Entre la OTAN y el concepto del Antropoceno, Occidente ha emprendido un peligroso camino
Se dice que un “libro científico” publicado por Alan Weisman en 2007 trata del impacto que tendría sobre la Tierra la desaparición de los seres humanos.
En verdad sólo es un ingenioso dispositivo, donde a manera de experimento mental, dicho autor intenta imaginar cómo sería el mundo sin nosotros, los humanos. Así, con algunas hipótesis y cálculos de por medio, fantasea o deduce que las ciudades pasarían a convertirse en bosques tras unos cinco siglos y los desechos radiactivos, los plásticos y otros materiales quedarían entre las pruebas más perdurables de la presencia humana en el planeta. Nos habla también de cómo evolucionarían las restantes formas de vida sin la presencia del ser humano, cuyo legado serían los miles de artefactos artificiales que hemos creado. Al dar con esta información, no pude dejar de recordar las fotografías de cómo luce Hiroshima después de 77 años del ataque con la bomba atómica que lanzara los Estados Unidos para impedir la influencia del Japón imperial en la región del Asia del Pacífico, finalizar con una victoria fulminante que Rusia se adjudicaba con la caída de Berlín y para evitar mayores pérdidas de vidas. Unos inocentes sacrificados en aras de salvar la vida de otros inocentes.
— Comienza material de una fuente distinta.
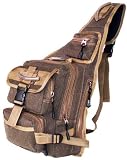 Military Inspired Backpack Sling Bag Daypack Larger Version Brown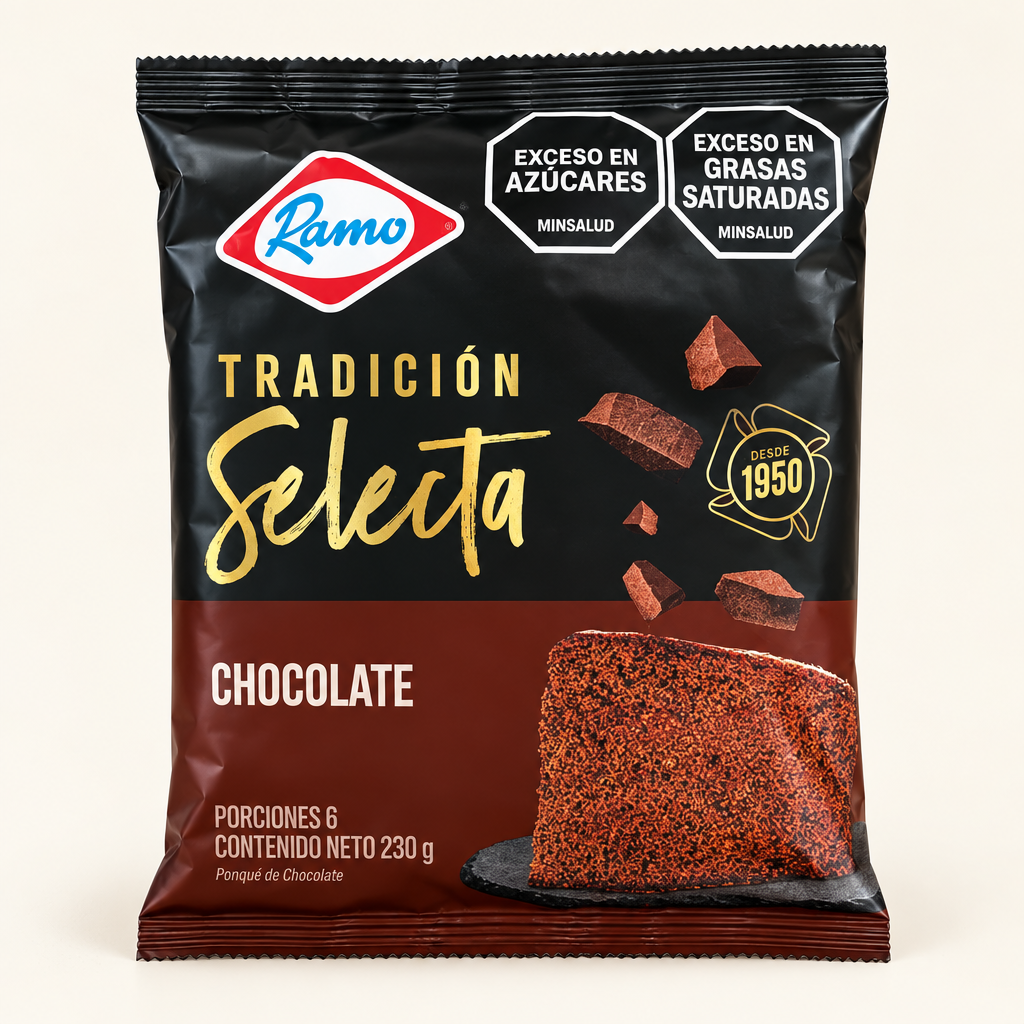Empaque de ponqué Ramo Tradición Selecta Chocolate de 230 g sobre fondo claro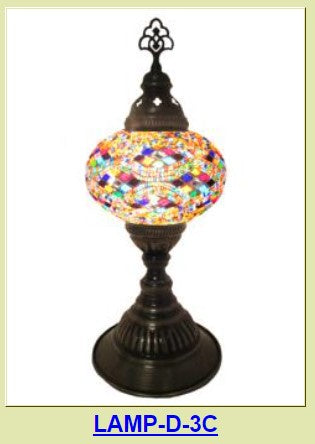 Turkish Lamp 3C-mixed-size16 in-Globe 6.5x4in-Hand Made-MC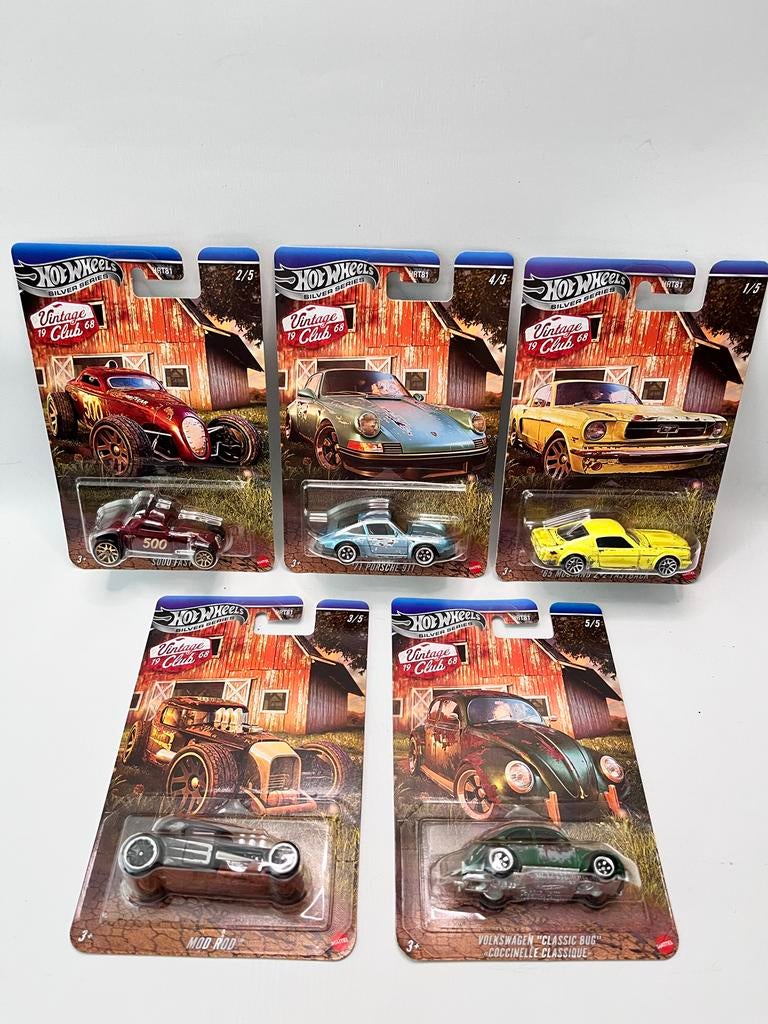 Hot Wheels Vintage Club 1968 Silver Series Set (5 stuks), Overige merken, 1:50 of kleiner, Auto, Nieuw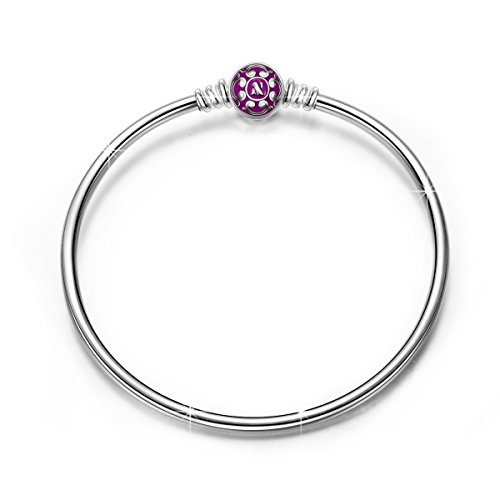NinaQueen 7.5 Inch 925 Sterling Silver Bangle Bracelet with Purple Snap Clasp,Ideal Gift for Her (Purple)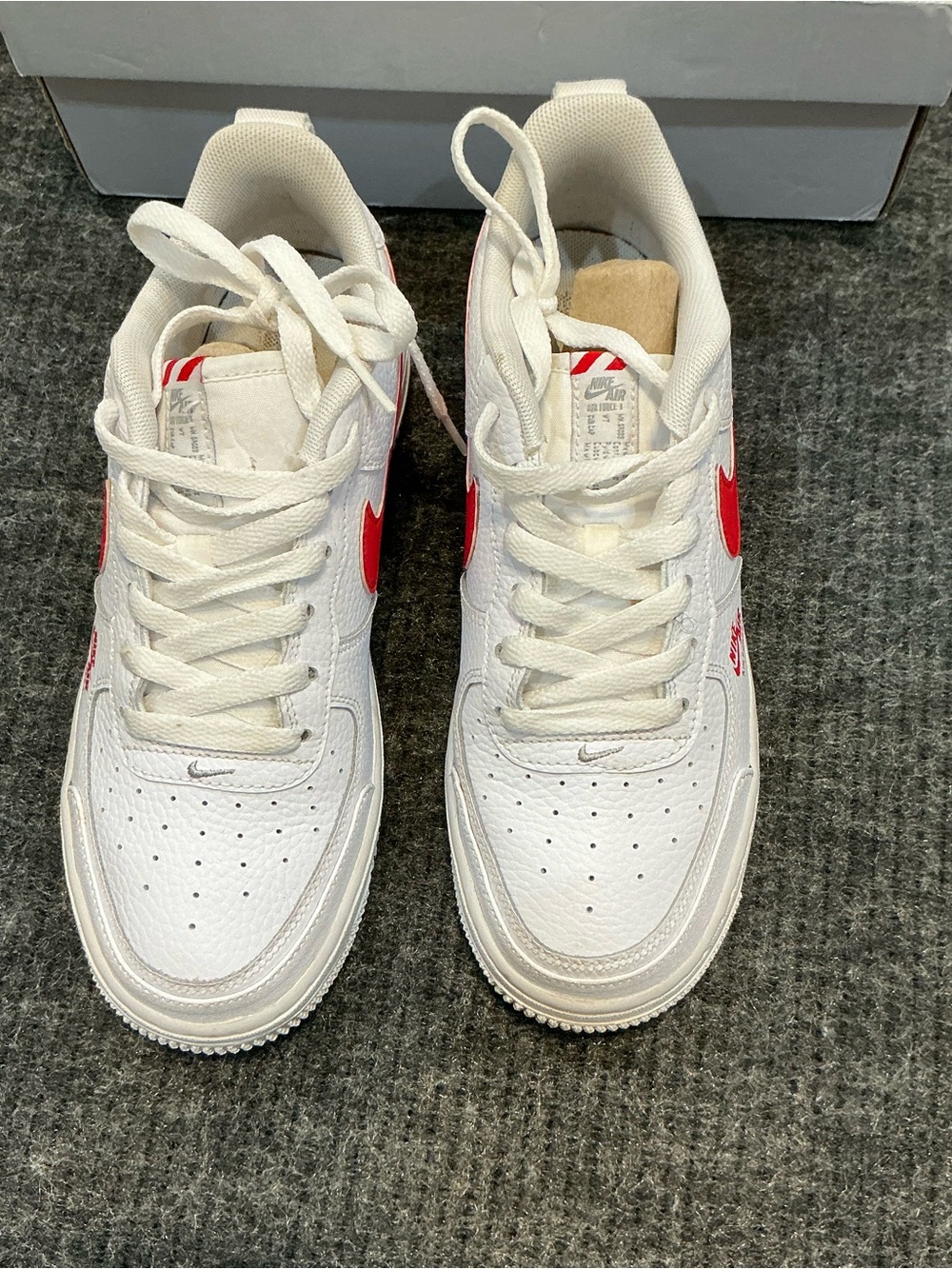Nike Kids White Sneakers with Bright Red Swoosh - Picture 3 of 6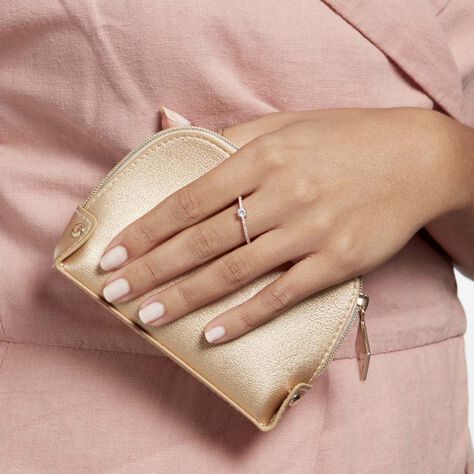 Bague Solitaire Ursi Argent Rose Oxyde De Zirconium - Bagues solitaires Femme | Histoire d’Or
Y fue allí, en Hiroshima, entre el 19 al 21 de mayo del corriente año, donde se celebró la última cumbre del G7 y se señaló “la importancia de los esfuerzos de desarme y de la no proliferación para crear un mundo más estable y seguro”. Tan solo unos pocos meses después, el “Comunicado de la Cumbre de Vilna”, lanzado por los miembros de la OTAN el pasado 11 de julio de 2023, parece explicar mejor los requisitos de ese mundo “más seguro y estable”. En realidad, sus 90 puntos son resumibles en unos pocos: a) “La Federación Rusa es la amenaza más importante y directa para la seguridad de los Aliados y para la paz y la estabilidad en el área euro-atlántica”; b) “La competencia estratégica, la inestabilidad generalizada y las crisis recurrentes definen nuestro entorno de seguridad más amplio. Los conflictos, la fragilidad y la inestabilidad en África y Oriente Medio afectan directamente a nuestra seguridad y la seguridad de nuestros socios. Las ambiciones declaradas y las políticas coercitivas de la República Popular China desafían nuestros intereses, seguridad y valores”; c) “La asociación estratégica cada vez más profunda entre la República Popular China y Rusia y sus intentos de reforzarse mutuamente para socavar el orden internacional basado en normas van en contra de nuestros valores e intereses”; d) “Nos comprometemos a invertir al menos el 20 % de nuestros presupuestos de defensa en equipos pesados, incluida la investigación y el desarrollo relacionados. Reconocemos que esto debe cumplirse junto con un mínimo del 2 % del PIB anual en gastos de defensa. Necesitamos mantener nuestra ventaja tecnológica y continuar modernizando y reformando nuestras fuerzas y capacidades, incluso a través de la integración de tecnologías innovadoras”. En síntesis, una fe sin límites en el poder de la disuasión como único lenguaje.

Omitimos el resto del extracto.